A faithful copy of the data is what is wanted, minus any pictures.

■ Data shown:
[Start of section]

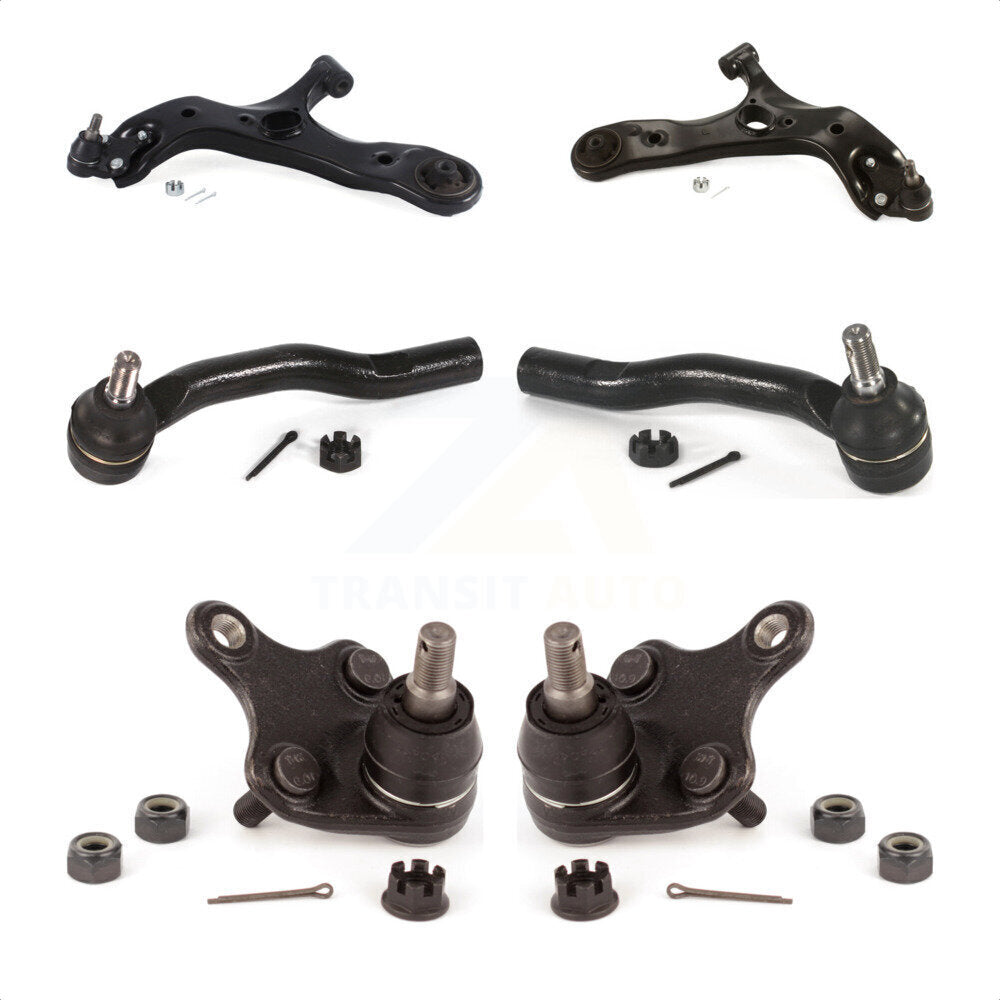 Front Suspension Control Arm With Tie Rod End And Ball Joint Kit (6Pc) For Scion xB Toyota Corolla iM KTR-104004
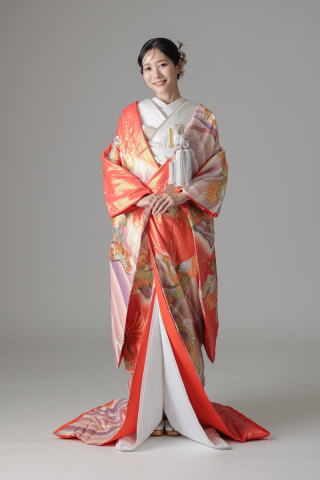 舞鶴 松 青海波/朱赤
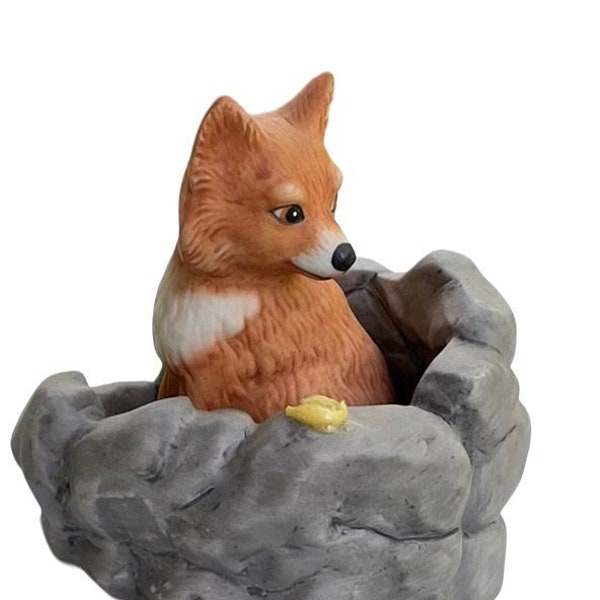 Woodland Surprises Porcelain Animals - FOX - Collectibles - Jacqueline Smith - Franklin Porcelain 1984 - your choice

[End of section]

■ Your solution:
 Front Suspension Control Arm With Tie Rod End And Ball Joint Kit (6Pc) For Scion xB Toyota Corolla iM KTR-104004
 舞鶴 松 青海波/朱赤
 Woodland Surprises Porcelain Animals - FOX - Collectibles - Jacqueline Smith - Franklin Porcelain 1984 - your choice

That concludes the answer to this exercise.